Chandra X-Ray Observatory(redirected from Chandra Space Telescope)
Chandra X-Ray ObservatoryAn orbiting X-ray astronomy observatory launched by NASA in July 1999 as the third of its Great Observatories. Chandra, which takes its name from the 20th-century Indian-born US astrophysicist Subrahmanyan Chandrasekhar, was originally developed as one of the craft making up NASA's Advanced X-Ray Astrophysics Facility (see AXAF); dubbed AXAF-I and renamed after its launch, Chandra was equipped for high-resolution X-ray imaging and was deployed by the space shuttle Columbia into a highly eccentric orbit (apogee 140 161 km, inclination 28.5°) that has allowed long periods of observation unimpeded by Earth shadowing. Chandra's optics consist of four nested pairs of grazing incidence paraboloid and hyperboloid mirrors, each having an outer diameter of 1.2 meters and a focal length of 10 meters. With its Advanced Charged Couple Imaging Spectrometer (ACIS) and its high-resolution camera using large field-of-view microchannel plates to make X-ray images, Chandra's optical system achieves an angular resolution of 0.5 arcseconds over an operating range of 0.2–10 keV. Its high- and low-energy transmission gratings provide impressive spectral resolution throughout the range 0.09–10 keV.
Chandra has been called the most sophisticated X-ray observatory of its time, providing images of unprecedented detail at resolutions that are claimed to be about 50 times better than those achieved by ROSAT, the best X-ray astronomy satellite prior to 1999. In its first five years, Chandra has begun to penetrate the hottest, most energetic regions of the Universe.

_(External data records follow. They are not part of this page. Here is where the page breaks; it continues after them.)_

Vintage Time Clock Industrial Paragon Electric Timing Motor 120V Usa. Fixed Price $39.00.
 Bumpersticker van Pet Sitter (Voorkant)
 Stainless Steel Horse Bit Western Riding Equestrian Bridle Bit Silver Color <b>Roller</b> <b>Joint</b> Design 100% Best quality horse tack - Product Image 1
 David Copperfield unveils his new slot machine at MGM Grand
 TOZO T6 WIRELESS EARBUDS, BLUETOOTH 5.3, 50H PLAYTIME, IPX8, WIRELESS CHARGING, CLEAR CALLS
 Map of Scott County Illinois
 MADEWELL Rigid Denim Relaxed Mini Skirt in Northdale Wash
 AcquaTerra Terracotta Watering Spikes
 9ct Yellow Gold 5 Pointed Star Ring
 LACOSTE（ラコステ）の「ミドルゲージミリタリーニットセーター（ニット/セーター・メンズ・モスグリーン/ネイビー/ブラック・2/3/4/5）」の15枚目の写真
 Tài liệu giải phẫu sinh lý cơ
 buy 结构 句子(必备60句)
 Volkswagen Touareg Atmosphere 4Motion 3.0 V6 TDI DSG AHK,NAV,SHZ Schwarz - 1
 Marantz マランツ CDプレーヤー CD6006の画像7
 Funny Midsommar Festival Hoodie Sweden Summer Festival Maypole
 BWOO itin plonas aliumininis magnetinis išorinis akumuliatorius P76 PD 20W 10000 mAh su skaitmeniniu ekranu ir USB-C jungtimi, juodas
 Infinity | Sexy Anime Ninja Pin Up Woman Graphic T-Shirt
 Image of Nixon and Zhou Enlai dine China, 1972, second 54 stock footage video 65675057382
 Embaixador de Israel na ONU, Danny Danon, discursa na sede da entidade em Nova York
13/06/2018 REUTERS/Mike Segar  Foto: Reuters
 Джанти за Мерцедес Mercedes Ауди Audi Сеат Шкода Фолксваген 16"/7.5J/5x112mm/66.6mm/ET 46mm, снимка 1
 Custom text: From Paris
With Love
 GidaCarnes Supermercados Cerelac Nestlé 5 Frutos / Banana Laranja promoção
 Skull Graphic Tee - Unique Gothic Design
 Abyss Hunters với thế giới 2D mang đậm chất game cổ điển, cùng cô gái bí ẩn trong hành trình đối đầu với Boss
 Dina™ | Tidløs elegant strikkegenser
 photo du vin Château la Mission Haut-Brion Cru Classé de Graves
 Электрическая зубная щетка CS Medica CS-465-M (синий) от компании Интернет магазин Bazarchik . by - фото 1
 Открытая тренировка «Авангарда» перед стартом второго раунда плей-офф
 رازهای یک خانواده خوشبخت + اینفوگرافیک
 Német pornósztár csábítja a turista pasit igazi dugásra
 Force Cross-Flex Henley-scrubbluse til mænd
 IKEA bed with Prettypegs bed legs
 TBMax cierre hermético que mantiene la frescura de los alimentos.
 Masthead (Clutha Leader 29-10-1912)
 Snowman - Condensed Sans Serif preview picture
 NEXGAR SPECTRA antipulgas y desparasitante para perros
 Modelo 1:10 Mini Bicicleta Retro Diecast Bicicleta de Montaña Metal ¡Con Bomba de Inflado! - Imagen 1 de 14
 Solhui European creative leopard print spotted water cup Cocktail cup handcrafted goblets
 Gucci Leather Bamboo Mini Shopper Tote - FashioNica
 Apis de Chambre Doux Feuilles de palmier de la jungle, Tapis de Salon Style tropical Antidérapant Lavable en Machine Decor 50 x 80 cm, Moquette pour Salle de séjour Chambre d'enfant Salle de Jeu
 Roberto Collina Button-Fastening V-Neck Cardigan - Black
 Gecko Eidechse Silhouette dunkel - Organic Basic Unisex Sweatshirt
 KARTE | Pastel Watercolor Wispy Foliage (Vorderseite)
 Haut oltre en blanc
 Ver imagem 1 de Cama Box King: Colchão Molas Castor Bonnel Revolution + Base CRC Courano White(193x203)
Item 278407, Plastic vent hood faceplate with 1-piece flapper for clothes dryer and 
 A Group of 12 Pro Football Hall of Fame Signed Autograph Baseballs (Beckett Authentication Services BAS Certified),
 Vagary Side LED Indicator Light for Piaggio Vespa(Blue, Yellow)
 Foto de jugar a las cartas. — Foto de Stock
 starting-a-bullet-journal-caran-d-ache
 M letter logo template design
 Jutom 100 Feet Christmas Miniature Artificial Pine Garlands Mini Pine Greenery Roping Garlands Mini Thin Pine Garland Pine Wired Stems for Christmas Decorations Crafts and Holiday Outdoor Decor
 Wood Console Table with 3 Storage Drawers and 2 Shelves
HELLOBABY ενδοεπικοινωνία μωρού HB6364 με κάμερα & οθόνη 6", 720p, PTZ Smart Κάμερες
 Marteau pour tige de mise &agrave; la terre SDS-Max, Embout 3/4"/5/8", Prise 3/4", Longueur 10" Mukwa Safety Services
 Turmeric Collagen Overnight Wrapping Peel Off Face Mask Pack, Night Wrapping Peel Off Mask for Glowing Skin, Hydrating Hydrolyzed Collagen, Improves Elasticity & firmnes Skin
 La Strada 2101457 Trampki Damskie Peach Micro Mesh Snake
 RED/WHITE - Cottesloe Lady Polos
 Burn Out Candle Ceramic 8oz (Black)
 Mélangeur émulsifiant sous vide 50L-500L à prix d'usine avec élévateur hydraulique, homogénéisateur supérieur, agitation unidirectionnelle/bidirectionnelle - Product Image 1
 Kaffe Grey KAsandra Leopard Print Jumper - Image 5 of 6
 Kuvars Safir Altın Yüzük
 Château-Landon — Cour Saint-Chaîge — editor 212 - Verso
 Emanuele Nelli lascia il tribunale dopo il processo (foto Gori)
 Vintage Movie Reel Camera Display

In particular, it has advanced our knowledge of black holes, discovering among many other things how fast they spin, finding evidence of a star torn apart by a black hole, and emphatically confirming the reality of the event horizon. It has revealed enormous tracts of hot gas, billions of parsecs distant and radiating at temperatures of tens of millions of degrees K. It has provided startling new images of supernova remnants such as the Crab Nebula, with its restless pulsar, showing intricate details never suspected before. It has made new studies of star-forming regions such as the Orion Nebula and analyzed the effects of galaxy collisions and the merging of galaxy clusters. Most notably, it has gathered direct evidence of dark energy and the expansion of the Universe.